Hash Tables
Definition
A Hash Table (or Hash Map) is a data structure that stores data in “key-value” pairs. It is designed to find specific items instantly, without searching through the entire list.
How it Works
- The Key: You have a piece of data you want to store (e.g., a username “Alice”).
- The Hash Function: This is a mathematical formula that converts the key (“Alice”) into a specific number (an index), like 42.
- Storage: The value associated with “Alice” is stored at index 42 in an array.
- Collisions: Sometimes, two different keys might generate the same index number. Hash tables handle this using techniques like “Chaining” (storing a list of items at that index).
Real-World Analogy:
Think of a public library. If you want a specific book, you don’t check every shelf. You look up the “Call Number” in the computer (the Hash Function). That number tells you exactly which shelf and row the book is on (the Index), so you can go straight there.
Example
Task: Store and retrieve phone numbers.
- Insert: Key=”John”, Value=555-0100. Hash(“John”) $\rightarrow$ Index 3. Store at Index 3.

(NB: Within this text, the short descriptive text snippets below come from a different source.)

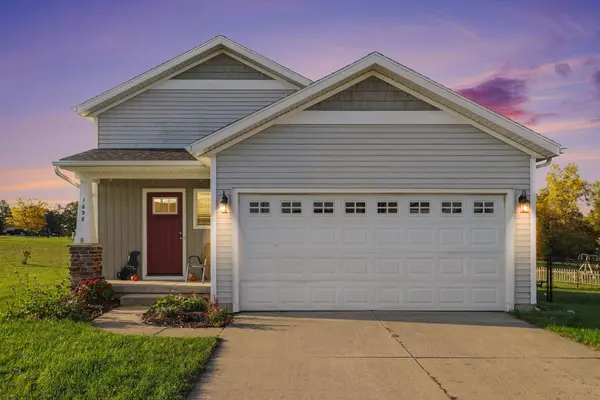 1698 Trent Ridge NE Court, Cedar Springs, MI 49319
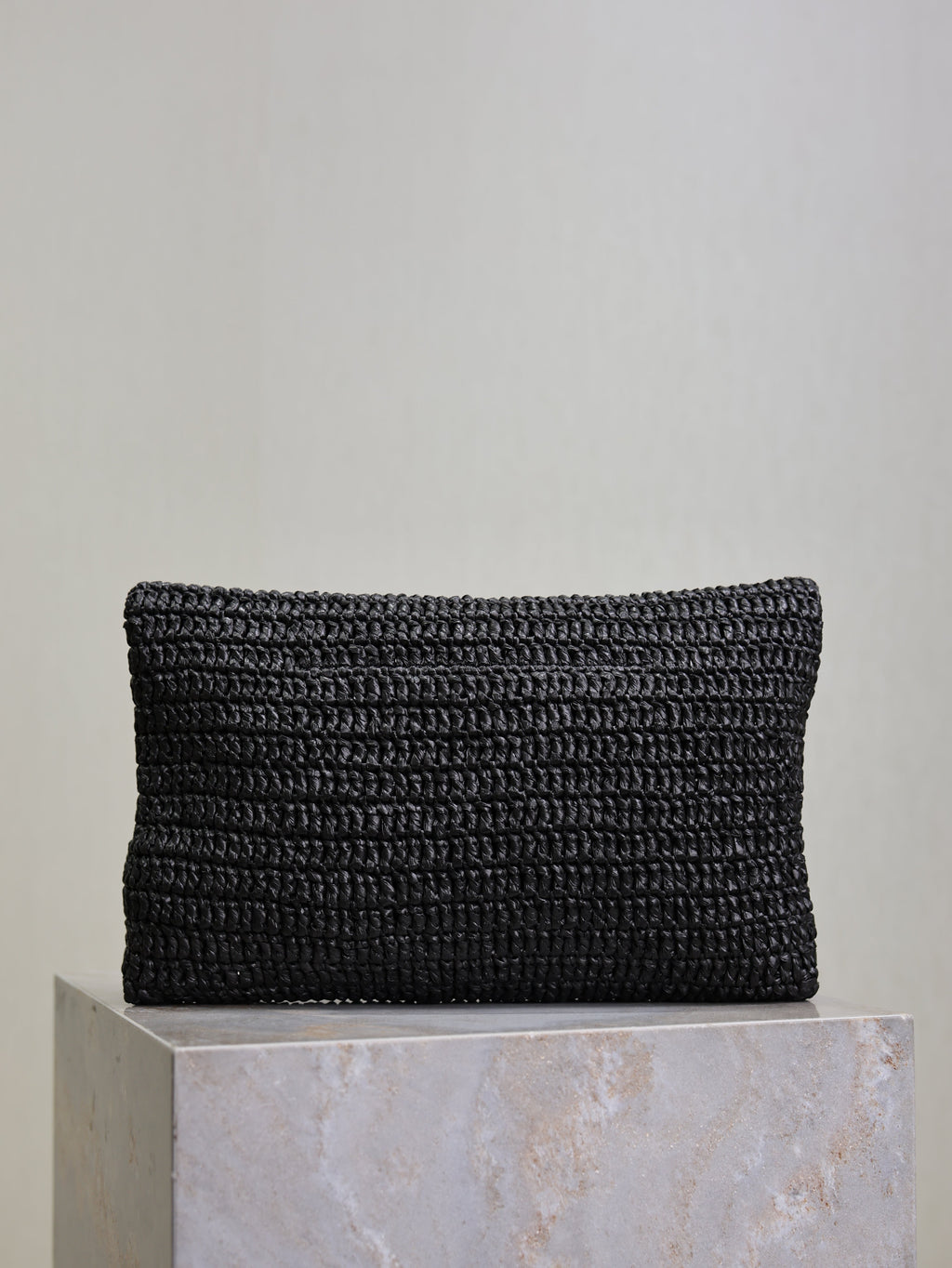 YSL 25S CASSANDRE LARGE ENVELOPE POUCH 29 IN BLACK RAFFIA GOLD HARDWARE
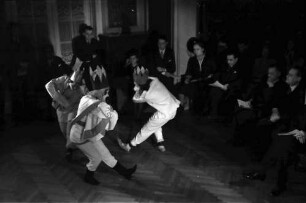 Bukarest: Rumänisches Adventsspiel, Reigen von Mitgliedern der Deutschen Botschaft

- Search: Get number for “John”. Hash(“John”) $\rightarrow$ Index 3. Retrieve value.
Code Example
PythonJavaCC++
# Python Dictionaries are Hash Table implementation
phone_book = {}
# Insert
phone_book["John"] = "555-0100"
phone_book["Alice"] = "555-0101"
# Search / Access
print("John's Number:", phone_book["John"]) # Output: 555-0100
# Check existence
if "Bob" in phone_book:
print("Bob is here")
else:
print("Bob not found") # Output: Bob not found
import java.util.HashMap;
public class HashTableExample {
public static void main(String[] args) {
// HashMap uses Hash Table internally
HashMap<String, String> phoneBook = new HashMap<>();
// Insert
phoneBook.put("John", "555-0100");
phoneBook.put("Alice", "555-0101");
// Access
System.out.println("John's Number: " + phoneBook.get("John"));
// Check existence
if (phoneBook.containsKey("Bob"))
System.out.println("Bob is here");
else
System.out.println("Bob not found");
}
}
#include <stdio.h>
#include <string.h>
#define SIZE 10
struct Entry {
char key[20];
char value[20];
};
struct Entry table[SIZE];
// Simple hash function
int hash(char* key) {
return key[0] % SIZE;
}
// Insert
void insert(char* key, char* value) {
int index = hash(key);
strcpy(table[index].key, key);
strcpy(table[index].value, value);
}
// Search
char* search(char* key) {
int index = hash(key);
if (strcmp(table[index].key, key) == 0)
return table[index].value;
return NULL;
}
int main() {
insert("John", "555-0100");
insert("Alice", "555-0101");
printf("John's Number: %s\n", search("John"));
if (search("Bob"))
printf("Bob is here\n");
else
printf("Bob not found\n");
return 0;
}
#include <iostream>
#include <unordered_map>
using namespace std;
int main() {
// unordered_map is a hash table
unordered_map<string, string> phoneBook;
// Insert
phoneBook["John"] = "555-0100";
phoneBook["Alice"] = "555-0101";
// Access
cout << "John's Number: " << phoneBook["John"] << endl;
// Check existence
if (phoneBook.find("Bob") != phoneBook.end())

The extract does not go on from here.